Google's cloud thought it was out of memory for a couple of hours last week.
The outage wasn't a biggie – it hit last Wednesday, June 7th, and meant that “7.7% of active applications on the Google App Engine service experienced severely elevated latency; requests that typically take under 500ms to serve were taking many minutes.” Google says users would have seen timeout errors or waited a while for apps to do their thing.
The cause? Google says “The incident was triggered by an increase in memory usage across all App Engine appservers in a datacenter in us-central.” Those servers are “... responsible for creating instances to service requests for App Engine applications” and if their memory usage increases to unsustainable levels they shut down some instances “so that they can be rescheduled on other appservers in order to balance out the memory requirements across the datacenter.”
Fair enough: a sick server offloading workloads sounds reasonable. But Google says that when instances are moved around it puts some extra load on servers' CPUS, which isn't usually a problem that users notice.
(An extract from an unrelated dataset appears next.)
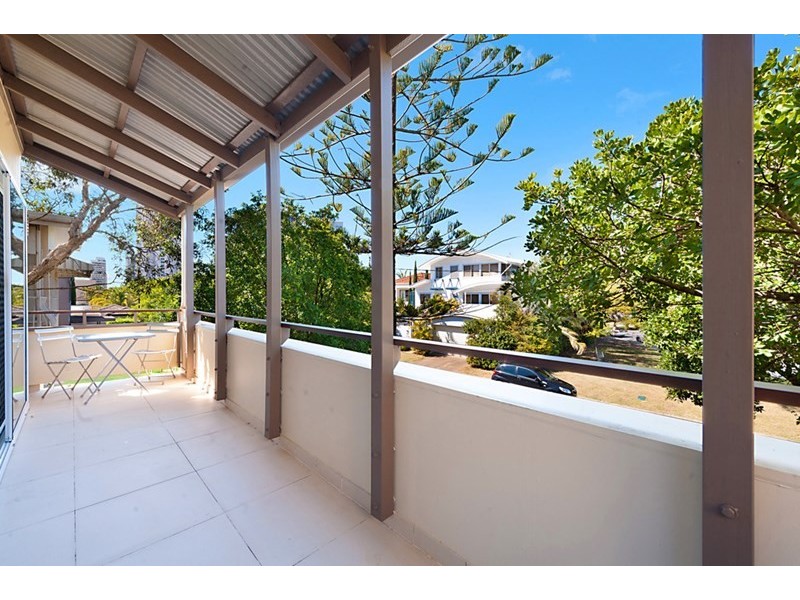 2/55 Cronin Avenue, Main Beach QLD 4217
But “in isolated cases” when there's lots of other traffic hitting the same data centre, things can get tricky.
And that's what happened during the June 7th incident: Google says “increased load and memory requirement from scheduling new instances combined with rescheduling instances from appservers with high memory usage resulted in most appservers being considered 'busy' by the master scheduler.”
Requests to reschedule instances “needed to wait for an available instance to either be transferred or created before they were able to be serviced, which results in the increased latency seen at the app level.”
Interestingly, Google's remediation actions for the problem mention “ re-evaluating the resource distribution in the us-central datacenters where App Engine instances are hosted.” Those are The Register's italics, because the passage suggests Google's bit barns have different resource levels and individual quirks rather than relying on homogenous building blocks. ®